His son, evangelist Franklin Graham, gently assisted him into place. Thousands of flash bulbs exploded. An overflow crowd of 1,500 watched outside on jumbo TV screens.

Graham preached on his feet 22 minutes. The arena’s lighting caught his swept-back silvery hair.

His familiar square jaw was taut, but his voice has grown thin with the years.

Graham told a few well-received jokes and spoke ad-miringly of Mayor Ray Nagin and the Herculean task of recovery facing him.

“How do you eat an elephant? One bite at a time. It’s the only way,” he advised Nagin.

But the core of his message—much abbreviated from that of 417 earlier crusades—was simple Christian evangelism—a call to repentance, acceptance and the assurance of salvation through Jesus Christ.

Graham preached out of his own infirmity, several times referring to his multiple ailments. He begged his audience’s forgiveness in advance should he lose his way in his notes, which he did briefly, once, to no ill effect.

He referred to a recent period of illness that included four brain operations. He spoke of sensing the nearness of death and the certainty of salvation.

When he finished, Graham sat back in a lift chair that raised him to the appropriate height behind the pulpit. As hundreds filed forward in the traditional altar call, he admonished them to “be careful of those people in wheelchairs. I’m one of them.”

Buses outside the area advertised they came from as far away as Kentucky and Georgia, but the crowd was overwhelmingly local and badly battered by Hurricane Katrina.

Pastor Louis Jones said he came because he needed to be encouraged.

He lost his church in the 7th Ward, as well as his cars and his home in eastern New Orleans.

His wife, children and grandchildren live near Dallas while he remains in the city, trying to assist his scattered congregation and working his job in the U.S. Postal Service.

To top it off, he said, a brown recluse spider bit him while he was gutting his house, hospitalizing him for two days.

“I’m learning patience,” he said. “But I hope to hear some words of encouragement tonight. I always find the word (of God) encouraging. It strengthens me. Sometimes a preacher needs to be preached to.”

Many in the crowd said they came for similar reasons—to hear a bit of encouragement in familiar words from an iconic figure in American religious life.

Some added more.

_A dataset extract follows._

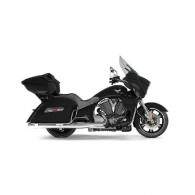 Victory Motorcycles Cross Country Standard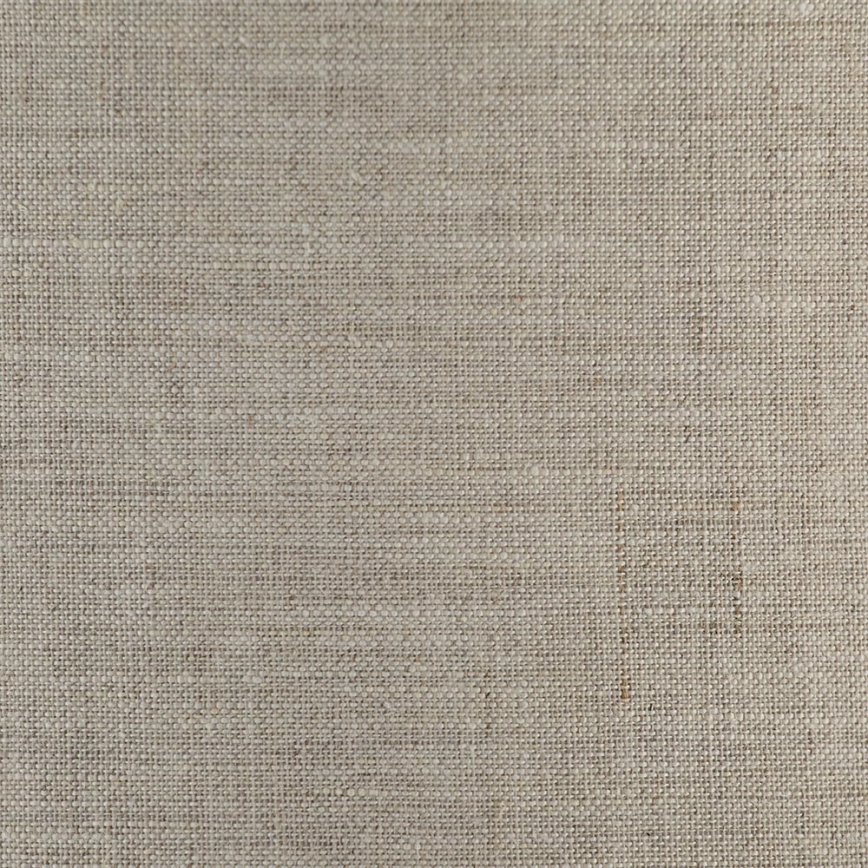 Endon 100646 - Laualamp HIGHCLERE 1xE14/7W/230V beež/mattkroom läbimõõt 25 cm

Lesha and Michael Freeland brought their two sons She said she wanted 9-year-old Christopher to see Graham in the flesh.

Although Christopher probably is too young to appreciate Graham’s appearance, she said, she “wanted him to be able to say one day that he had seen him.”

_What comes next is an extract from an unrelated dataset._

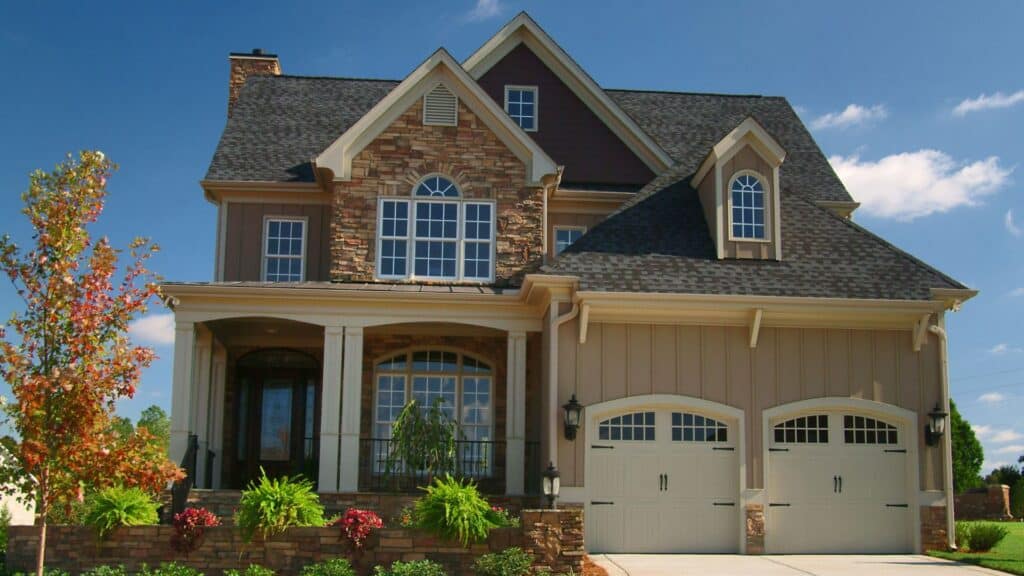 manual pest control tools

What they saw before Graham’s appearance was 90 precisely choreographed minutes of Christian rock mixed with videotaped testimonies, bluegrass music and exuberent traditional hymn singing.

In a highlight before Graham’s appearance, 97-year-old George Beverly Shea, a longtime, faithful Graham musical sidekick, sang How Great Thou Art to affectionate applause that nearly rivaled Graham’s.

But many said they felt the night was Graham’s—and another moment of history wrought by Hurricane Katrina, one in which timeless Scripture was intersecting with the end of a mortal life span.

Graham seemed draped with the same sense of closure.

“I’m looking forward to that big reunion up there,” he said at his sermon’s end. “God bless you all.”

Bruce Nolan writes for The Times-Picayune in New Orleans.